Problem to solve ▸ Leave the pictures out, and repeat exactly every line from the one with "Vintage 1940s 1950s" through the end of the data below.

***** Data for processing

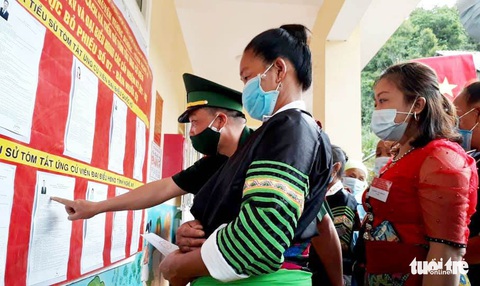 Cử tri miền núi xứ Nghệ địu con đi bầu cử sớm - Ảnh 3. Cử tri miền núi xứ Nghệ địu con đi bầu cử sớm - Ảnh 3.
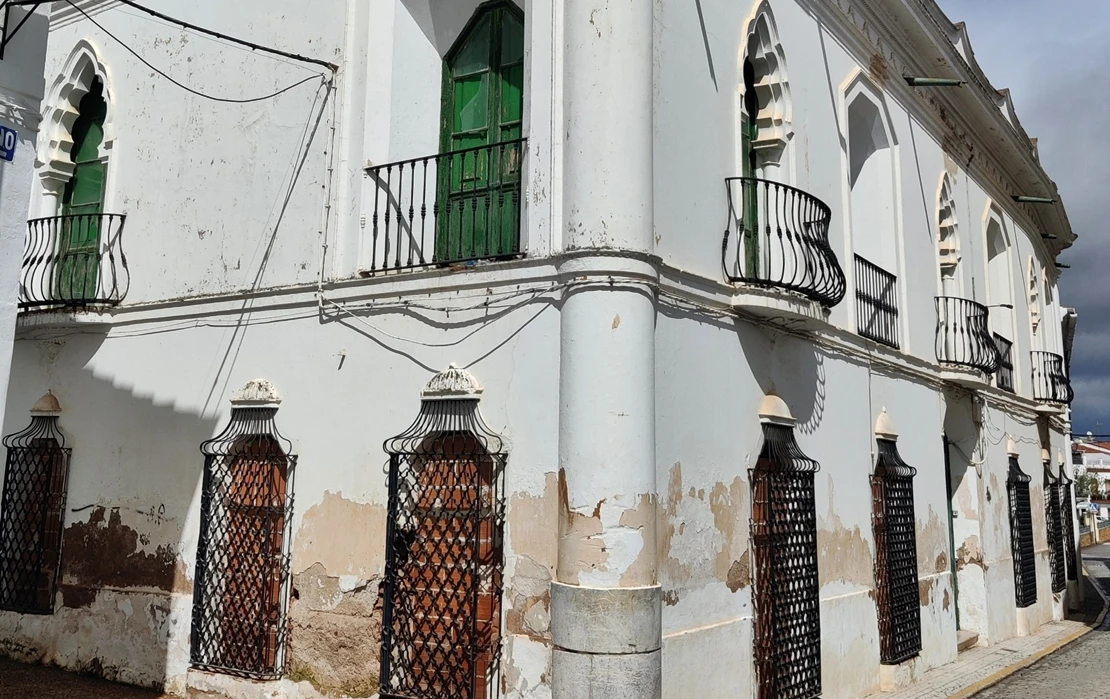 Recogen firmas en un pueblo extremeño para salvar un palacio
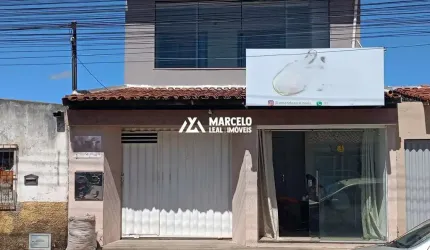 Casa à Venda em Vitória da Conquista: 5 Dormitórios, 02 Suites - R$430.000,00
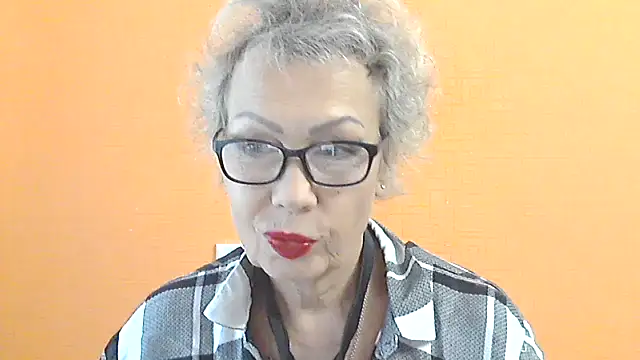 NessyJenixs online show from 10.02.25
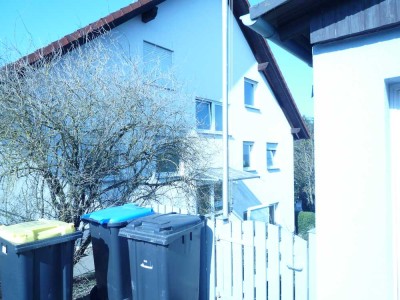 Schnuckelige 2-Zimmer-Terrassenwohnung mit gehobener Innenausstattung mit Einbauküche in Diemelstadt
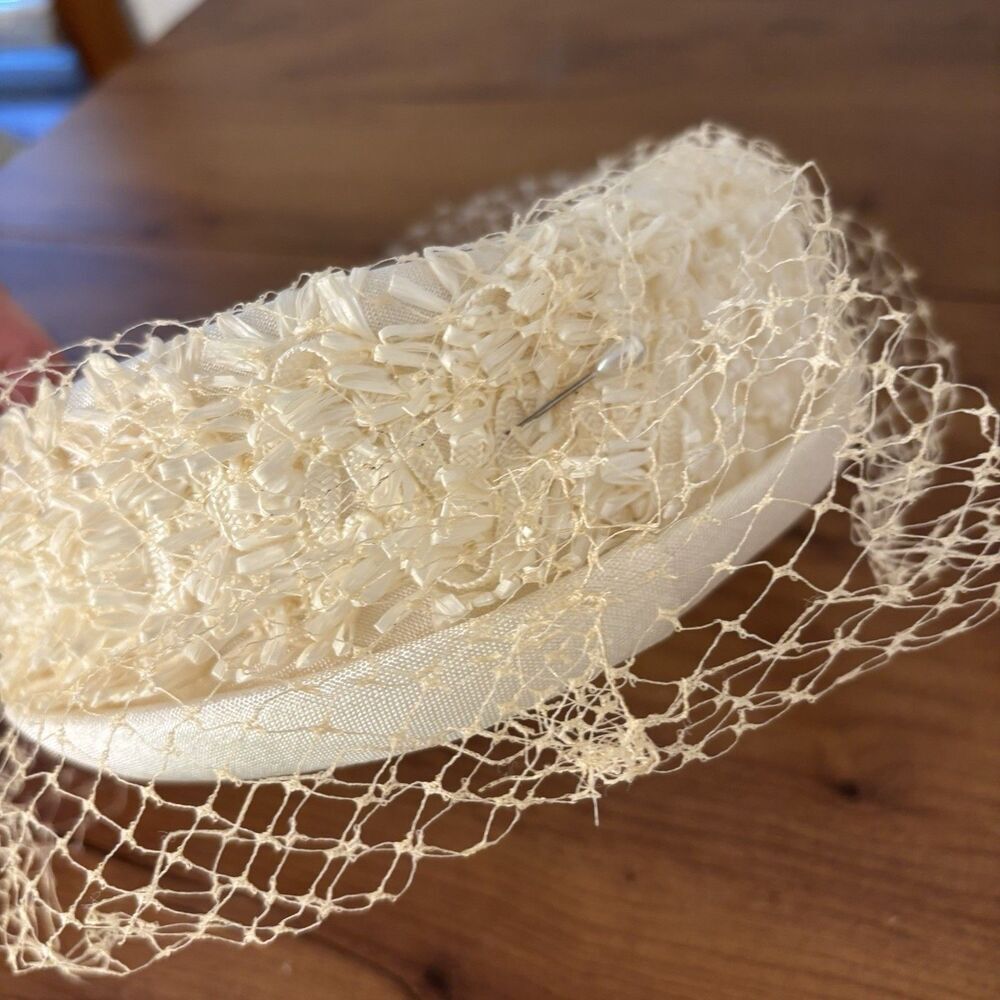 Vintage 1940s 1950s Pillbox Veiled Fascinator Woman’s Hat Crown Netting - Picture 9 of 11
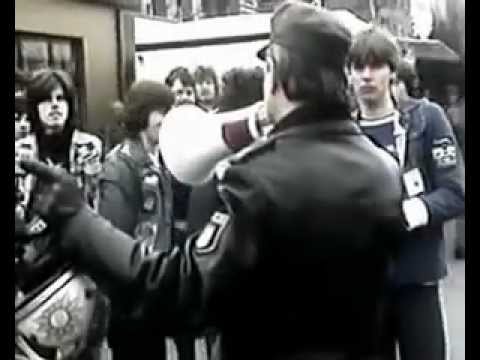 HSV v Werder 1984 -- Ankunft in HH old school DOKU-Ausschnitt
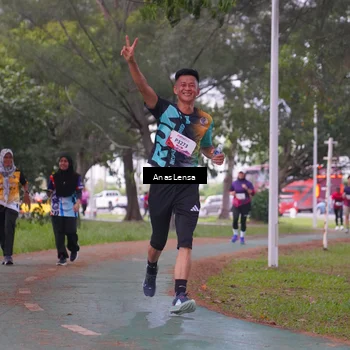 Runner Photo 8443348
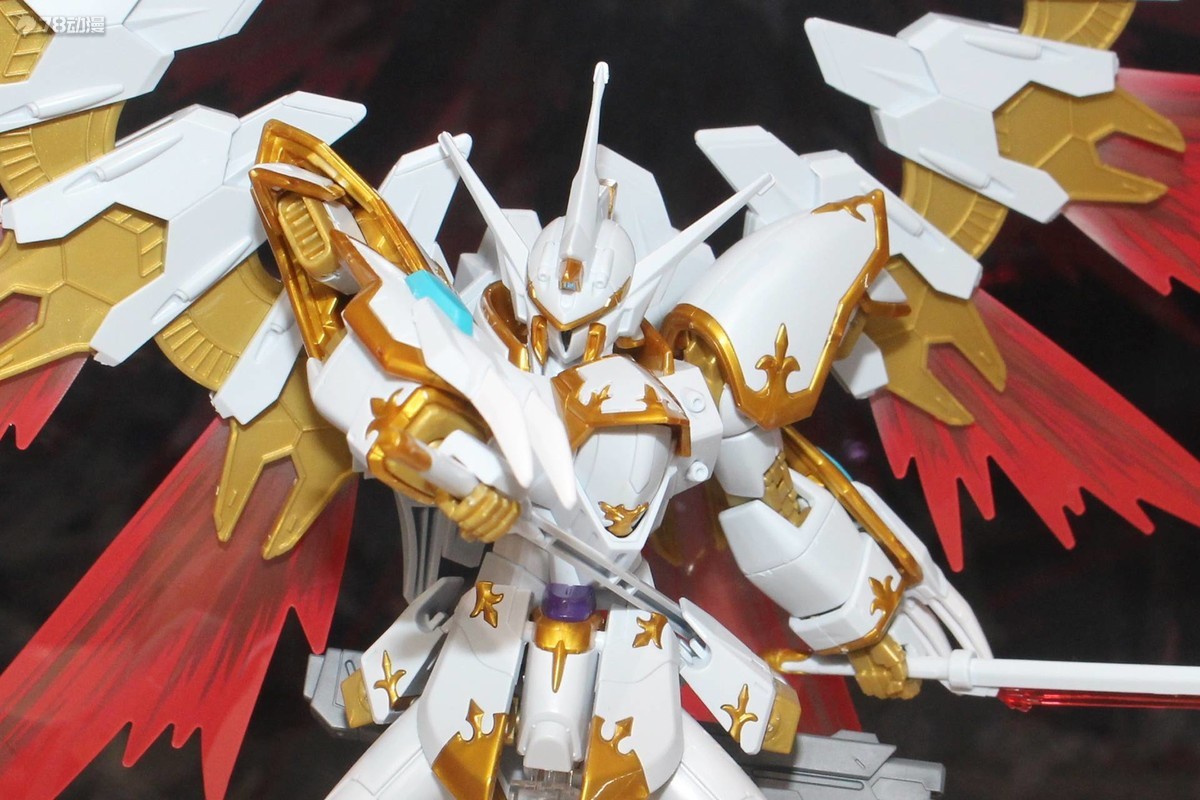 万代10月26日 一般发售 HGCE 1/144 257号 NOG-M2D1/E 黑骑士小队神鸟迦楼罗 贴纸与素组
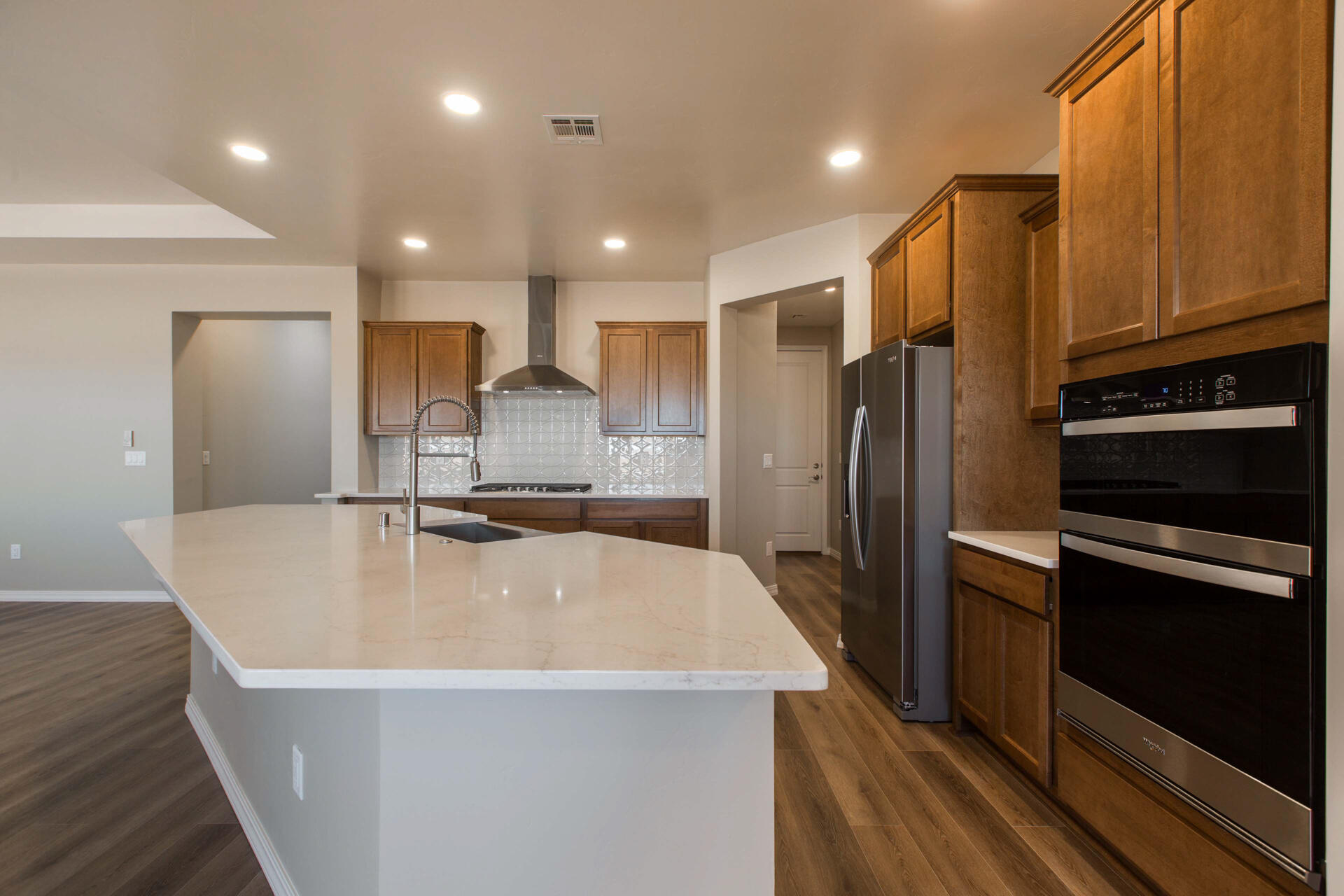 6929 Archer Road Northeast Rio Rancho, NM 87144 - Photo 7 of 27 Gallery Image 7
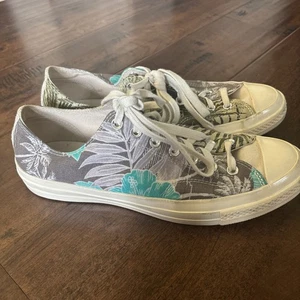Converse Chuck Taylor All Star Low Tropical Print Unisex Sneakers Size 10 Flower - Picture 1 of 15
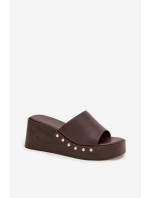 Dámské pantofle na platformě se zlatými sponami hnědé Arionne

**********

Your response ▸
 Vintage 1940s 1950s Pillbox Veiled Fascinator Woman’s Hat Crown Netting - Picture 9 of 11
 HSV v Werder 1984 -- Ankunft in HH old school DOKU-Ausschnitt
 Runner Photo 8443348
 万代10月26日 一般发售 HGCE 1/144 257号 NOG-M2D1/E 黑骑士小队神鸟迦楼罗 贴纸与素组
 6929 Archer Road Northeast Rio Rancho, NM 87144 - Photo 7 of 27 Gallery Image 7
Converse Chuck Taylor All Star Low Tropical Print Unisex Sneakers Size 10 Flower - Picture 1 of 15
 Dámské pantofle na platformě se zlatými sponami hnědé Arionne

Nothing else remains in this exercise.